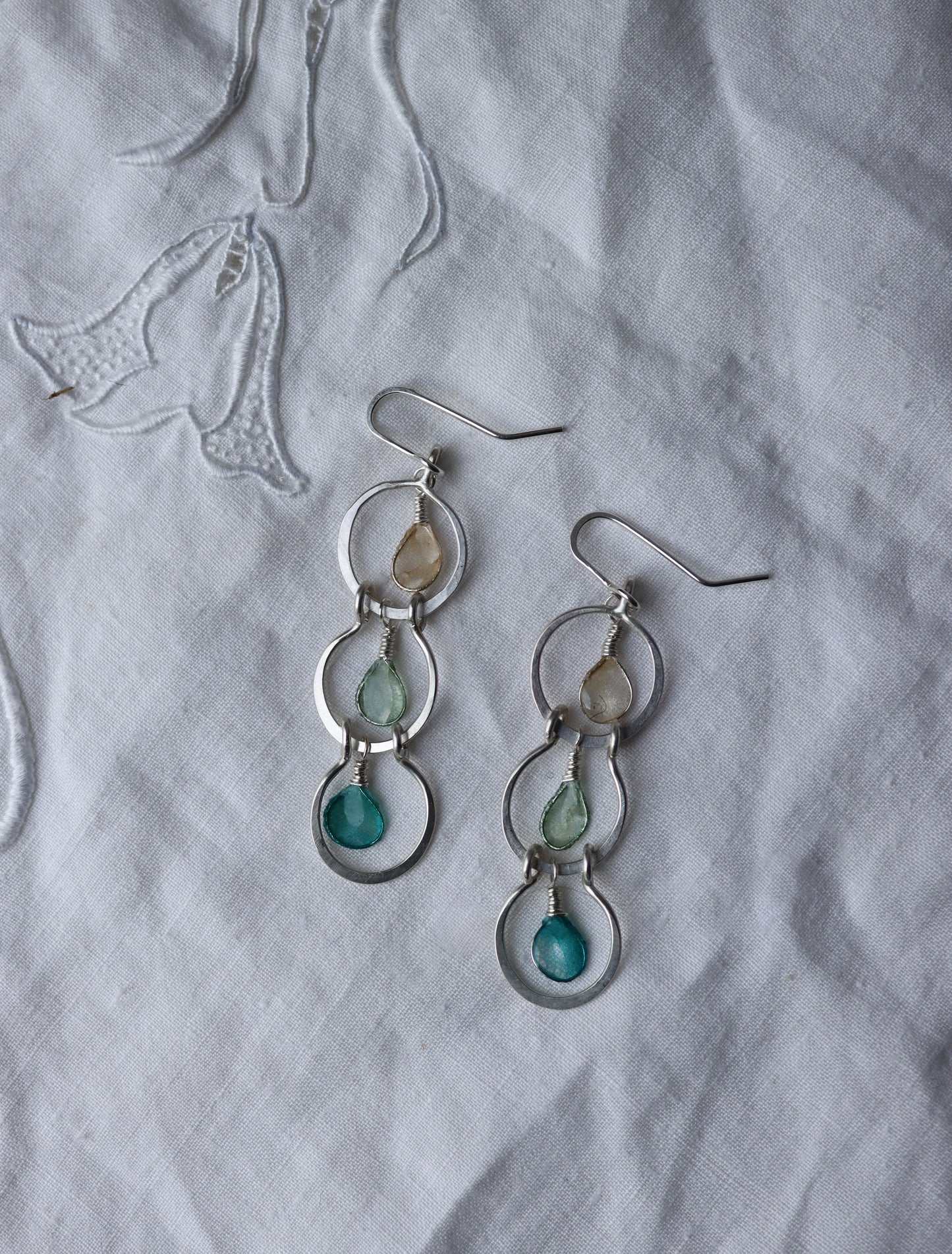 Rain Cloud Earrings, Small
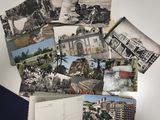 many old postcards on a table with pictures on them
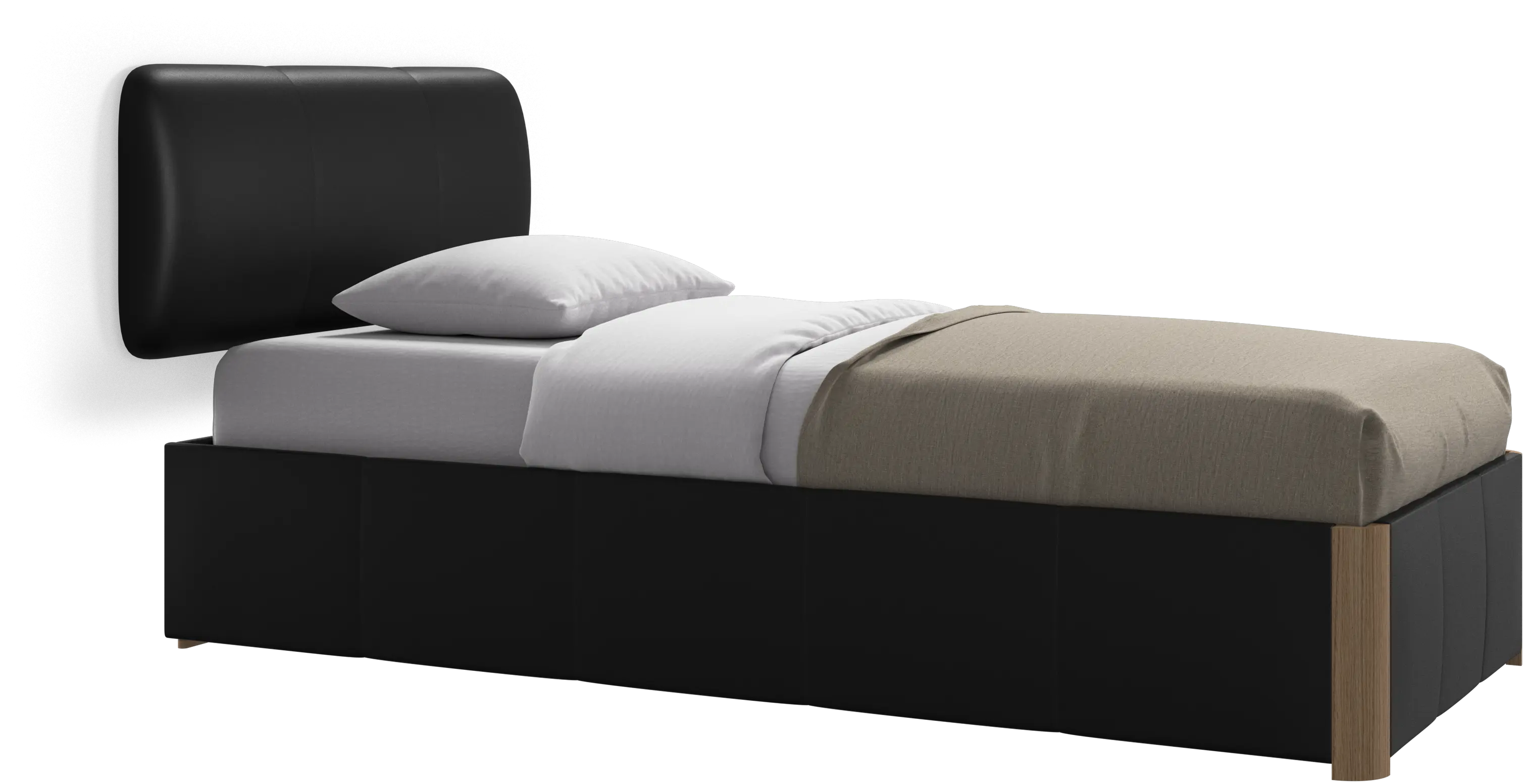 Element bed, wall-mounted headboard, with slats, excl. mattress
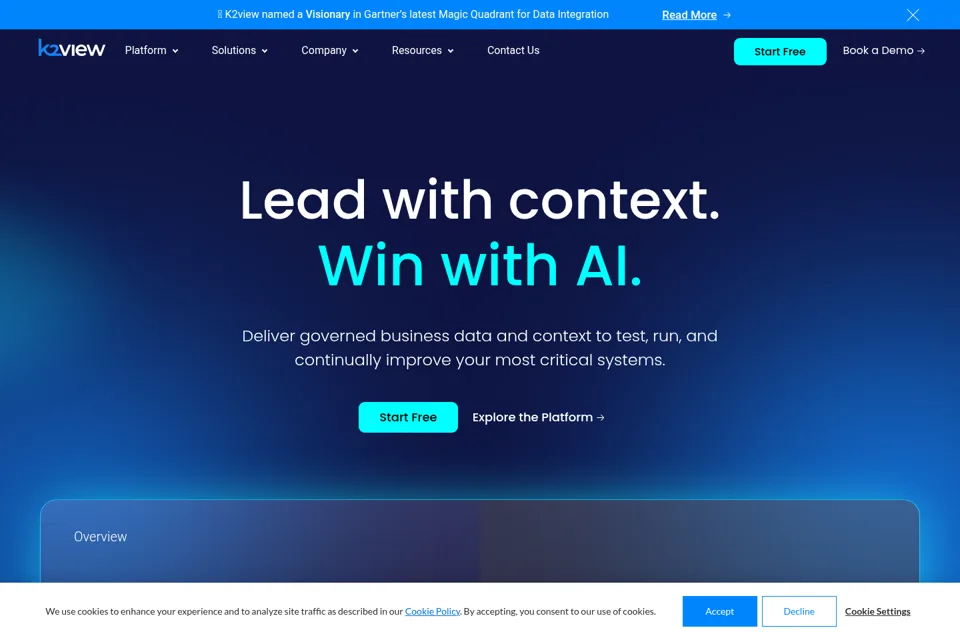 Landing page preview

--- --- ---

Exercise directions:
Drop the pictures; repeat the listing above exactly.

Answer box:
 Rain Cloud Earrings, Small
 many old postcards on a table with pictures on them
 Element bed, wall-mounted headboard, with slats, excl. mattress
 Landing page preview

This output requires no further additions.